(Beginning of Data for the task)
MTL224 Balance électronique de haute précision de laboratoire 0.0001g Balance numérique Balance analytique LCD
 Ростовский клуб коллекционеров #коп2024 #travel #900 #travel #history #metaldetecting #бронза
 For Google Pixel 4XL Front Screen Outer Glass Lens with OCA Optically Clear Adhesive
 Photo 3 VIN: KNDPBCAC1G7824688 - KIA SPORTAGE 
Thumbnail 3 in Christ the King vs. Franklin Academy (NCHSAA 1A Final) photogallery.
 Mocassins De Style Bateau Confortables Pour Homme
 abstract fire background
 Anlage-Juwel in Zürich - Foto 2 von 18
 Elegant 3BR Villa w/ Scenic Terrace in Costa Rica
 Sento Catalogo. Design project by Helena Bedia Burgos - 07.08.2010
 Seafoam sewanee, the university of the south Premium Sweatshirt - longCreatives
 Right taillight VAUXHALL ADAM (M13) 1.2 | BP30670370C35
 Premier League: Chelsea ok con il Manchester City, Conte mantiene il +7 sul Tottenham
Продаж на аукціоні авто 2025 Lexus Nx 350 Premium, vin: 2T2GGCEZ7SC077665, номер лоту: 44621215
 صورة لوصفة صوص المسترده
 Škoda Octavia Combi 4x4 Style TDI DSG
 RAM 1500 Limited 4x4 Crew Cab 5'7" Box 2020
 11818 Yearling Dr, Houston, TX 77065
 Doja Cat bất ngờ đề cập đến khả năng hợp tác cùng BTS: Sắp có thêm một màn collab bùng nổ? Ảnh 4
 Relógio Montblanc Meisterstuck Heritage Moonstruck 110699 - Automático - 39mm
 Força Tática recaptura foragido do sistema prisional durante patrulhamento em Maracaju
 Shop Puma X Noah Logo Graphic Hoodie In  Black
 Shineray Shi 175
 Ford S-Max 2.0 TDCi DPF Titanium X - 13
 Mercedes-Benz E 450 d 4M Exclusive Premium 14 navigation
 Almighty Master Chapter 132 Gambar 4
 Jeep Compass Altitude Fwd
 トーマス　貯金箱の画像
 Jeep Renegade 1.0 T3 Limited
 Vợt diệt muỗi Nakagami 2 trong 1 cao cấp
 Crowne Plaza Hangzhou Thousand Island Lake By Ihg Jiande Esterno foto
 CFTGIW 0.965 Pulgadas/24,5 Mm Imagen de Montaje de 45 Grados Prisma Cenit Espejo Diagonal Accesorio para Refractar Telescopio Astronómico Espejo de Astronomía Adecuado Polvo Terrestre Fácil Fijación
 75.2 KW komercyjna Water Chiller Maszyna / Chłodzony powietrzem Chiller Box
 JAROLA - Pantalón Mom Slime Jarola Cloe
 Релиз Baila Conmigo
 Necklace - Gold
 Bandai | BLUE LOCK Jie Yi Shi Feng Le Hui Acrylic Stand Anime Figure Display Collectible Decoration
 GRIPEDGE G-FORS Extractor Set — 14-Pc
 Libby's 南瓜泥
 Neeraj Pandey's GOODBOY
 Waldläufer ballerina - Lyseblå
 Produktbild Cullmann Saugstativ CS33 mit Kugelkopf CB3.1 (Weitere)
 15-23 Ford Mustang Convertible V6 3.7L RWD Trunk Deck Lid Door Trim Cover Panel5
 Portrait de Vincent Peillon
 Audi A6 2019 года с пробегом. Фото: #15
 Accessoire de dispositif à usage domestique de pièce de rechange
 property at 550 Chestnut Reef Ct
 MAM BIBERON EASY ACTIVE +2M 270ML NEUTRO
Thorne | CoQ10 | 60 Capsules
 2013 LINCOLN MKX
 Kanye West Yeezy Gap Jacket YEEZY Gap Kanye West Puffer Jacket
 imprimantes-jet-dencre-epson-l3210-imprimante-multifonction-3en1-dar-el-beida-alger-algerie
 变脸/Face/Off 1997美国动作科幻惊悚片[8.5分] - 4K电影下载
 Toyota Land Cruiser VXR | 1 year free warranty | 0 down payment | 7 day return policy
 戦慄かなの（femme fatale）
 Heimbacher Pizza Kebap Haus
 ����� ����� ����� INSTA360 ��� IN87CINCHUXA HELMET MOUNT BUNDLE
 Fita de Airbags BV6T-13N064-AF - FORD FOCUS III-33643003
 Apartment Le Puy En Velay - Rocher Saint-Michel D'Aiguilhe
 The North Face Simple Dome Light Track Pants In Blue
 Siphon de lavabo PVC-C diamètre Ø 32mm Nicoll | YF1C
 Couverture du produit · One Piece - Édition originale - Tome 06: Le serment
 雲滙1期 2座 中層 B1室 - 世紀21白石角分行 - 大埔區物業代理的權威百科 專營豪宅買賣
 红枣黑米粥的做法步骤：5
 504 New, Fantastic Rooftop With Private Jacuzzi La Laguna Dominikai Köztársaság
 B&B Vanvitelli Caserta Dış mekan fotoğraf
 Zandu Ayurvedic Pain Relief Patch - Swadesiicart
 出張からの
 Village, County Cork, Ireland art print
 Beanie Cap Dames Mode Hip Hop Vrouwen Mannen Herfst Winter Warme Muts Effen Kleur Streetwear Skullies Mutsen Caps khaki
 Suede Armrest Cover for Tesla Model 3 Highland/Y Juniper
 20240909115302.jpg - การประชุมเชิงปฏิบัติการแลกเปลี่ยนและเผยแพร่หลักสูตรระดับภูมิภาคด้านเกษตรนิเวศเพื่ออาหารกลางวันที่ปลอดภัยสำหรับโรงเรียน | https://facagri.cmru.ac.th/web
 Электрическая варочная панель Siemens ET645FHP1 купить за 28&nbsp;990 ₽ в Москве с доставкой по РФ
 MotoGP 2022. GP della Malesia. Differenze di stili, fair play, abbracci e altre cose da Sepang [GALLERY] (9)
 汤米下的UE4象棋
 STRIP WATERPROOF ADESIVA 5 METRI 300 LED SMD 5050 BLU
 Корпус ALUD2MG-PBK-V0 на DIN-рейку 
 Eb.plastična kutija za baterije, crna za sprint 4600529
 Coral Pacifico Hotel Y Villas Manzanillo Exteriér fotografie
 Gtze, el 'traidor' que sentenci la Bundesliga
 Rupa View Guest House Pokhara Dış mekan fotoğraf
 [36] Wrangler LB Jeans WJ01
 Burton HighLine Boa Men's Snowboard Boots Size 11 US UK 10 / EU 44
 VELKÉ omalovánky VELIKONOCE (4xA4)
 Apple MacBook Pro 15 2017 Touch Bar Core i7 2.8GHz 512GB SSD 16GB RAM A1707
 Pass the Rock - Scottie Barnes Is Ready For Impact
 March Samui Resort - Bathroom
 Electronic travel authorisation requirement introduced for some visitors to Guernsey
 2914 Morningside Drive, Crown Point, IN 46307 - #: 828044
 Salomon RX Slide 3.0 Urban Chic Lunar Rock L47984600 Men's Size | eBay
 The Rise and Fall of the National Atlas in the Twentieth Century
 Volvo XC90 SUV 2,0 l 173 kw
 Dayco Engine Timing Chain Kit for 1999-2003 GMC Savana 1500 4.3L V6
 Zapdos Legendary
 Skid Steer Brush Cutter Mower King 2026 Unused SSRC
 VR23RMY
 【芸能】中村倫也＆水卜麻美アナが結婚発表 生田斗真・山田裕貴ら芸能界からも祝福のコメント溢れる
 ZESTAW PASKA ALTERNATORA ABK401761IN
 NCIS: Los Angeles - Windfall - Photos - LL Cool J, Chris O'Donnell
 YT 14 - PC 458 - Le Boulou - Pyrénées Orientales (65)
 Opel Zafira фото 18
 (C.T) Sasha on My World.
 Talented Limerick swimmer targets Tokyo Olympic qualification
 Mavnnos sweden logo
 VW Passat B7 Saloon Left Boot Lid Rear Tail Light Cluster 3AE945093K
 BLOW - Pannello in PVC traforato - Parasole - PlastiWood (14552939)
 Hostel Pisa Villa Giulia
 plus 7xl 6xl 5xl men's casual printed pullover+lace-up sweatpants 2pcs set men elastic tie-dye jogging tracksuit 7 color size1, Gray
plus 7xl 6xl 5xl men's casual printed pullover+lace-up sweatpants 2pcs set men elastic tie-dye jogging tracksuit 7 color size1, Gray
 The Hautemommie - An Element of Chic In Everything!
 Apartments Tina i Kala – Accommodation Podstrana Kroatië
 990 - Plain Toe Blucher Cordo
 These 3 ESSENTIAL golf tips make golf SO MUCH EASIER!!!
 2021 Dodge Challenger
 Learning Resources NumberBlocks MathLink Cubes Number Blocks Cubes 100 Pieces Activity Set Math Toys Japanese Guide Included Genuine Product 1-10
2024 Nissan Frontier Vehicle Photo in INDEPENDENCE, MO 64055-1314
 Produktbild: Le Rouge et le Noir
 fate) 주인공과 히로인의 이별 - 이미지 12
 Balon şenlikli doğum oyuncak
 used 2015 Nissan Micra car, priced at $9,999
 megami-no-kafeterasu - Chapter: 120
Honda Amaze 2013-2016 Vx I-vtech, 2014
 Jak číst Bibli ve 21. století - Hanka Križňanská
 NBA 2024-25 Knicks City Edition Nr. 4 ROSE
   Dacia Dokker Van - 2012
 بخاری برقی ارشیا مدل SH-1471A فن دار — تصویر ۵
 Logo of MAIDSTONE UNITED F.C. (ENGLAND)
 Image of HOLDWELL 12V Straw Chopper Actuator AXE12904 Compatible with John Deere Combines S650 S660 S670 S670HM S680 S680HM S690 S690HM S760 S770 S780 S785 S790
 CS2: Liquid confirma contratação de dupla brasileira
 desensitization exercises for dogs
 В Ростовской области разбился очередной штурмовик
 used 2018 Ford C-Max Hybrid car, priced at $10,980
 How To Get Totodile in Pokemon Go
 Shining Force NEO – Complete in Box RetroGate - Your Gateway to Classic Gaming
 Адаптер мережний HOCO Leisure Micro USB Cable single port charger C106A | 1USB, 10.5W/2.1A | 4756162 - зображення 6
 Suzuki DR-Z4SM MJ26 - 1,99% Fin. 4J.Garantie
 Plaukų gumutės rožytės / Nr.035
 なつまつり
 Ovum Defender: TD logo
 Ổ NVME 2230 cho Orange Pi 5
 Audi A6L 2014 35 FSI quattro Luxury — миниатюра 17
(End of Data for the task)
Exercise details — Tally the lines of the records holding the word "Face", then state only the tally.

Response to this exercise — 2